START Data section
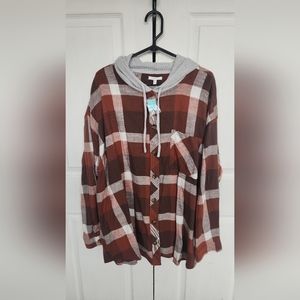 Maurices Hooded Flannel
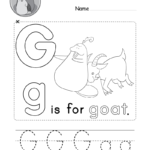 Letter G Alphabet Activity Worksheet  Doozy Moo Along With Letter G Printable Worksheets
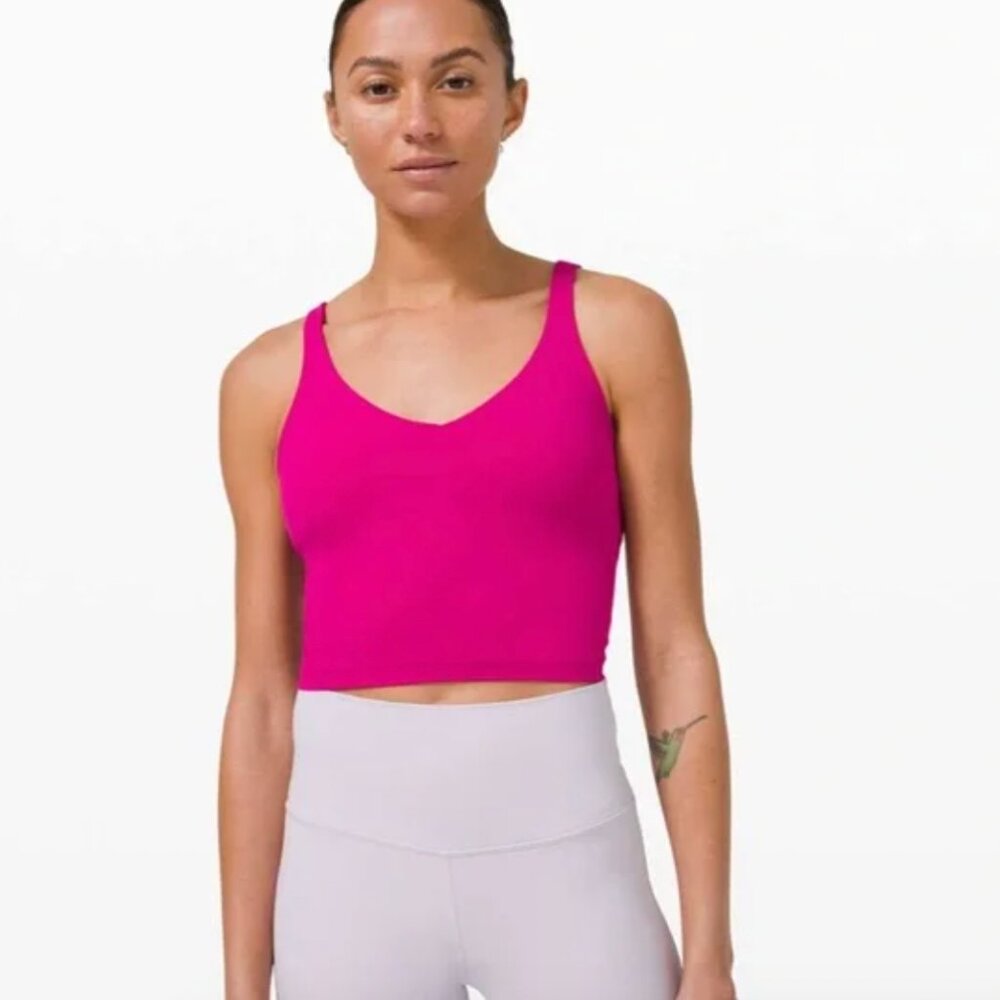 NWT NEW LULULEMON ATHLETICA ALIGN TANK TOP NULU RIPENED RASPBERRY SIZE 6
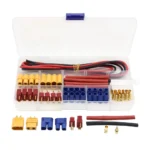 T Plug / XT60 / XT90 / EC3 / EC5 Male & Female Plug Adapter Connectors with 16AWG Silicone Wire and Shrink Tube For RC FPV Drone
END Data section
#### Work request:
Copy the listing exactly, omitting pictures.

#### Solution for this task:
 Maurices Hooded Flannel
 Letter G Alphabet Activity Worksheet  Doozy Moo Along With Letter G Printable Worksheets
 NWT NEW LULULEMON ATHLETICA ALIGN TANK TOP NULU RIPENED RASPBERRY SIZE 6
 T Plug / XT60 / XT90 / EC3 / EC5 Male & Female Plug Adapter Connectors with 16AWG Silicone Wire and Shrink Tube For RC FPV Drone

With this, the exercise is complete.